[DATA]

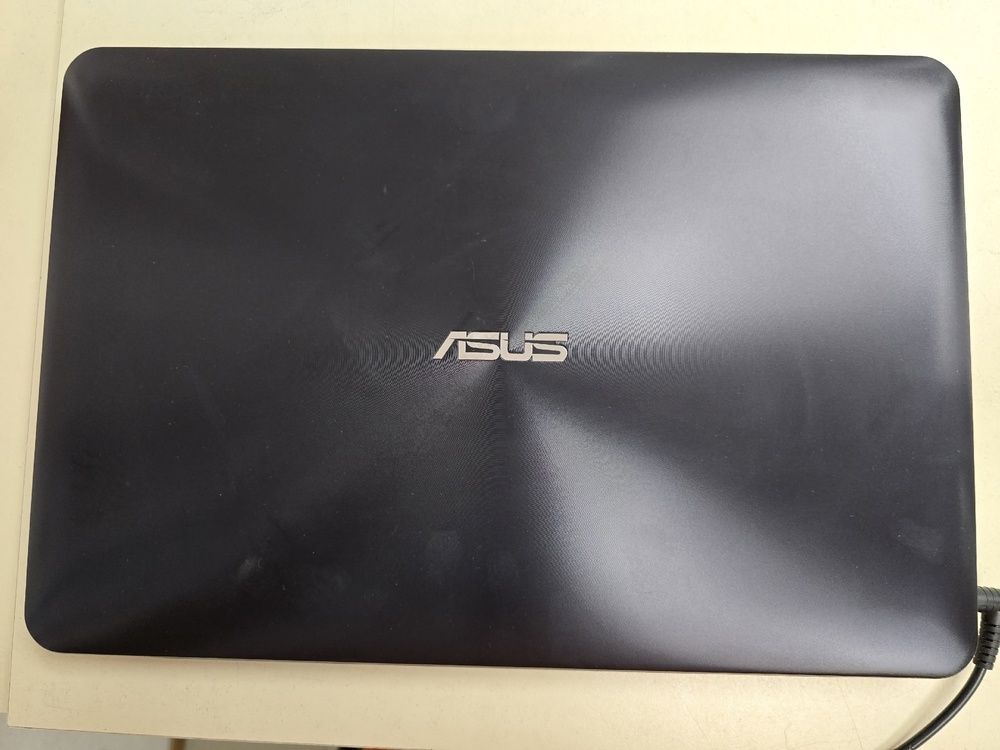 Ноутбук ASUS K555L; Core i3-4005U, GeForce 920M, 4 Гб, 120 Гб, Нет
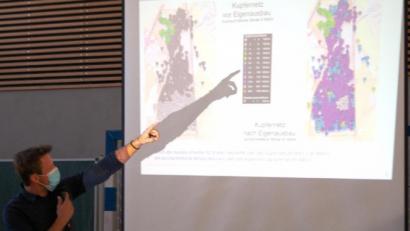 Bild: sm
Sebastian Krysa, Projektleiter Planung Glasfasernetze, von der Breitbandberatung Bayern, referierte im Gemeinderat über den Breitbandausbau in Altenstadt/WN und über die Bayerische Gigabitrichtlinie.
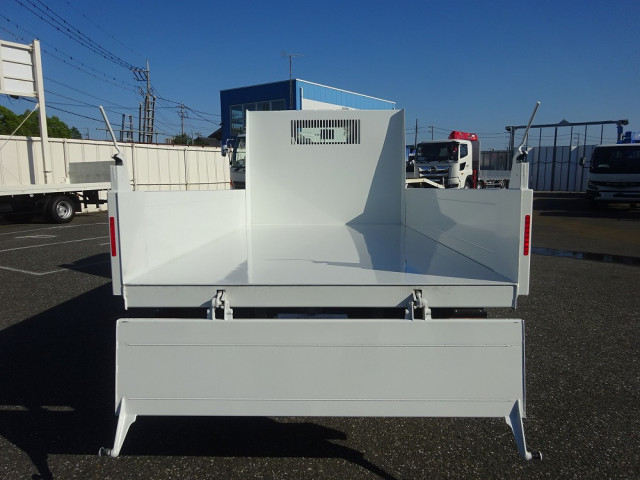 三菱ふそう キャンター 小型 土砂ダンプ 2RG-FBA60(111826) 11枚目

[/DATA]

What you return must match the material above exactly, apart from its pictures.

▸ SOLUTION FOR THIS EXERCISE
 Ноутбук ASUS K555L; Core i3-4005U, GeForce 920M, 4 Гб, 120 Гб, Нет
 Bild: sm
Sebastian Krysa, Projektleiter Planung Glasfasernetze, von der Breitbandberatung Bayern, referierte im Gemeinderat über den Breitbandausbau in Altenstadt/WN und über die Bayerische Gigabitrichtlinie.
 三菱ふそう キャンター 小型 土砂ダンプ 2RG-FBA60(111826) 11枚目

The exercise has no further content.